Their college however has a completely different take. During their assessment it was determined that the sensitive files are contained in the same directories as the pictures, and that by changing the link to the picture to that of a document, you could view it without authentication. Risk was determined to be high.
What happened? Why didn’t the first analyst find this exposure?
The answer is, they each followed a different process to do the technical assessment, and this is why I have chosen the all mighty checklist as my tool of choice for this article.
What about all those Cool Tools?
I know it isn’t the coolest example of an information security tool out there, just look at the toys I play with over at http://sectools.org/ , but it is one of the most important.
A checklist can offer you a continuous, repeatable process to ensure that issues like missing unsecured directories structures are not missed.
They are a tool that can be used by anyone and is mostly understood by all.

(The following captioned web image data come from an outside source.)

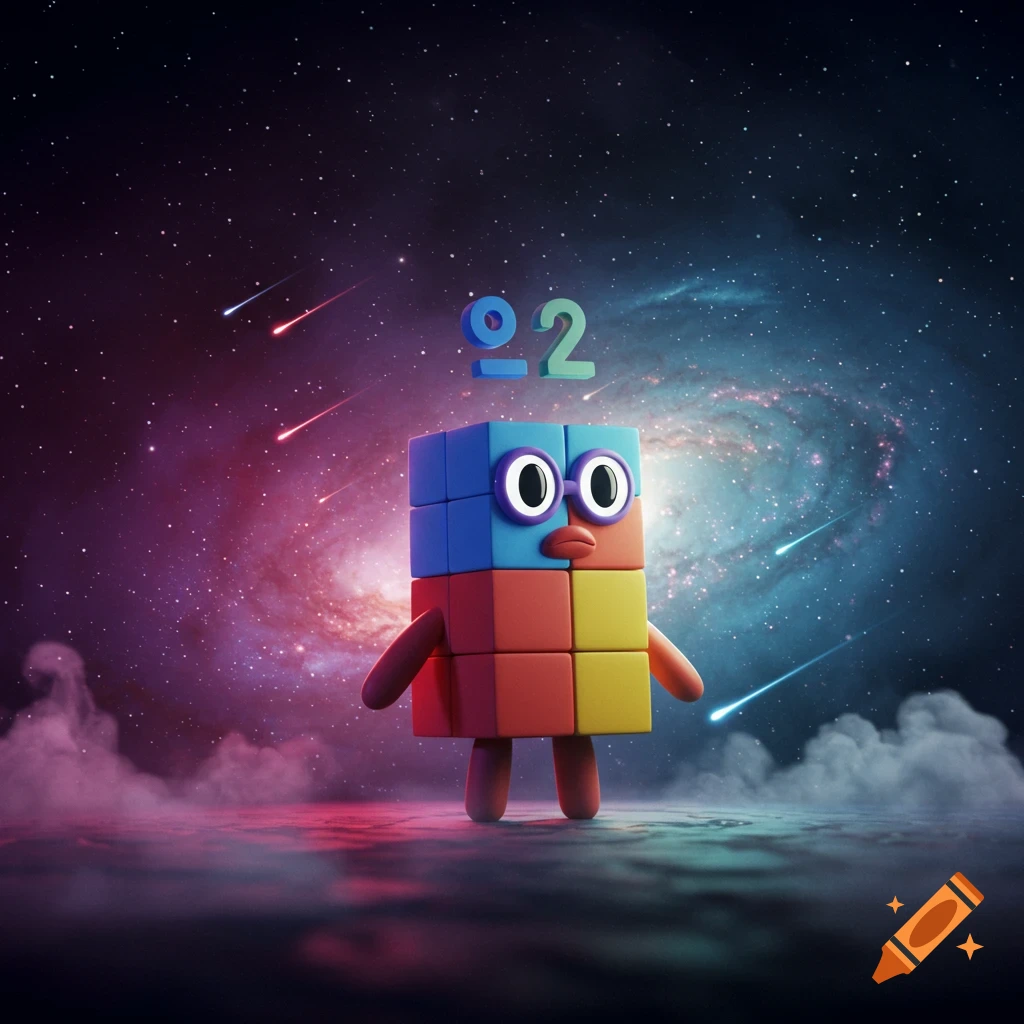 A colorful block character with eyes and a mouth stands on a reflective surface under a vibrant galaxy sky with meteors, with the numbers "02" above its head.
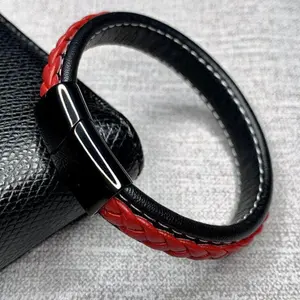 Red and Black Leather Bracelet with Magnetic Clasp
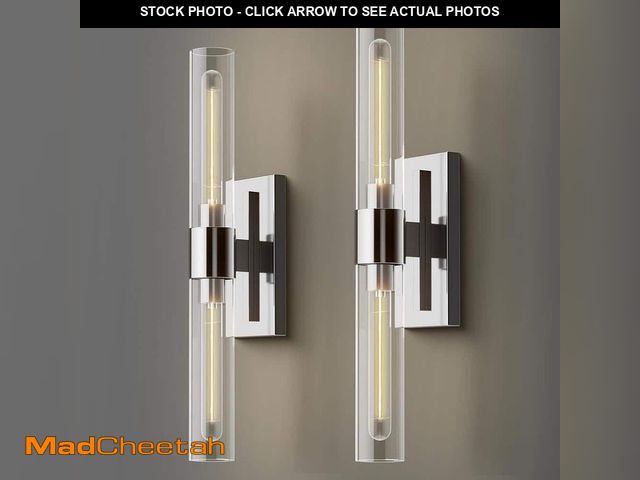 Lot 74-13692633 - YUYI 24.8 in. 2-Light Nickel Wall Sconce, Vanity light, Modern Wall Light for Living Room, Bathroom,...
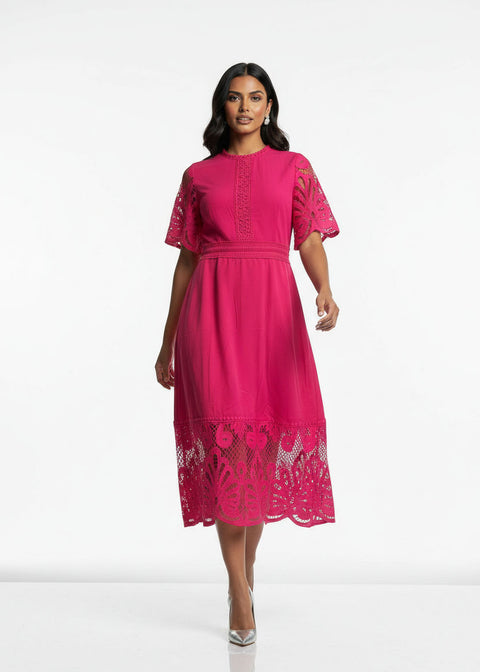 MA811975 PNK Guipure Lace Trim Midi Dress
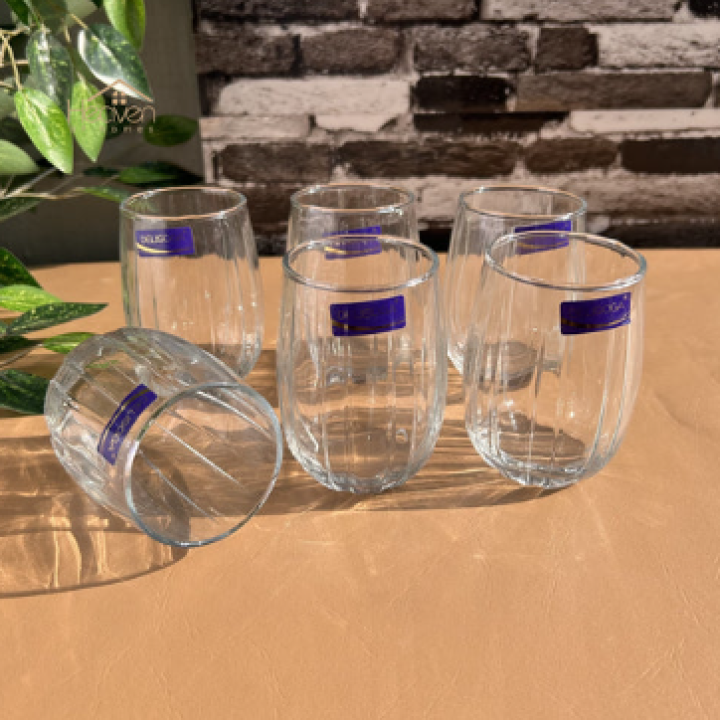 Set Of 6 Glasses Transparent Elegance Drinking Classes 380ML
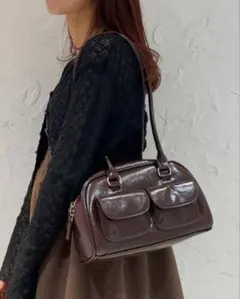 RETRO GIRL レトロガール ノベルティー ショルダーバック ブラウンのサムネイル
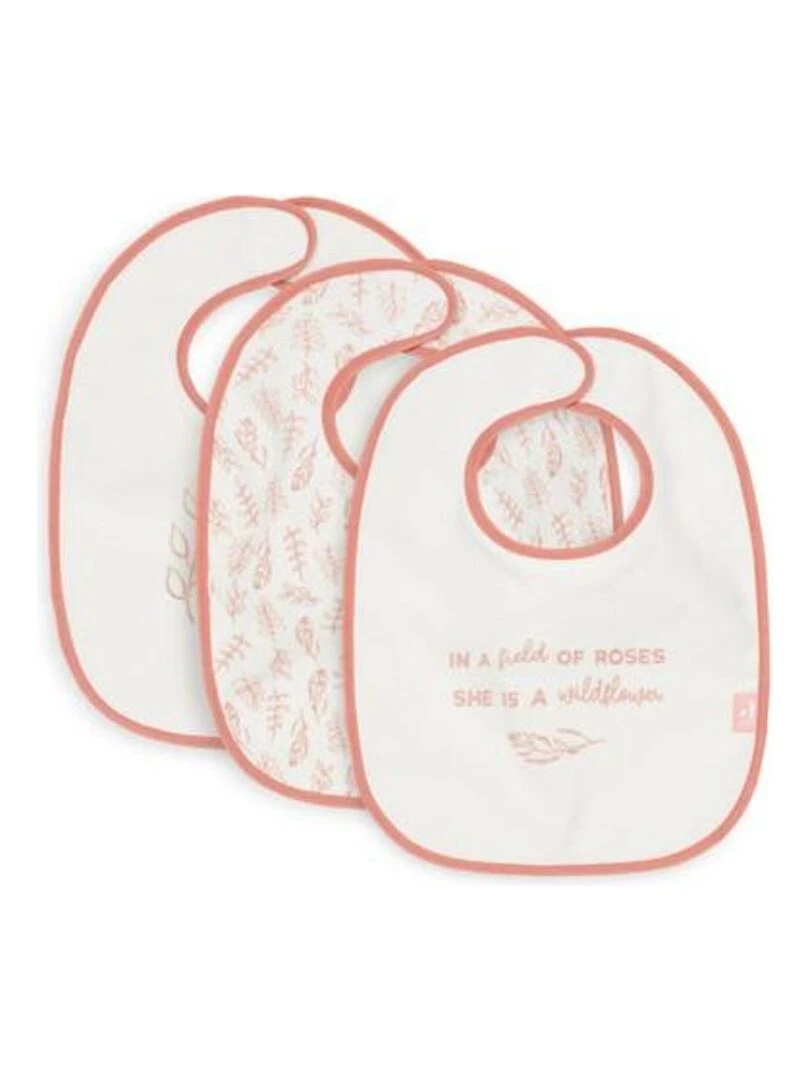 Bavoir Éponge Imperméable Meadow Rose des bois (3pcs) Jollein Rose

Start at task #1 or the first line and work down until complete. If the finding is yes, give the box a tick, otherwise X marks the spot.
Checklists don’t have to be complex, or pretty, or even personable if they are just for you.
Microsoft Excel is a really good tool to use to create checklists, Microsoft Visio, Adobe Acrobat Pro, or others are more robust if you need something fancy or interactive.
What makes a Good Checklist?
Creating a good checklist requires trial and error, after several revisions you will have something rock solid. For a good example of this, take a look at the Department of Defense.
The have a product called a STIG. Security Technical Implementation Guides. http://iase.disa.mil/stigs/index.html
These are checklists that people responsible with installing an operating system on DoD equipment must perform in order to meet the DoD standards.
Being a military process, you can imagine just how detailed these checklists are; however, take note that these have each gone through several updates.
To create a worthwhile checklist that will be used as a business assessment tool, it needs to align with the business requirements.
Business requirements are outlined in the various policies an organization may have.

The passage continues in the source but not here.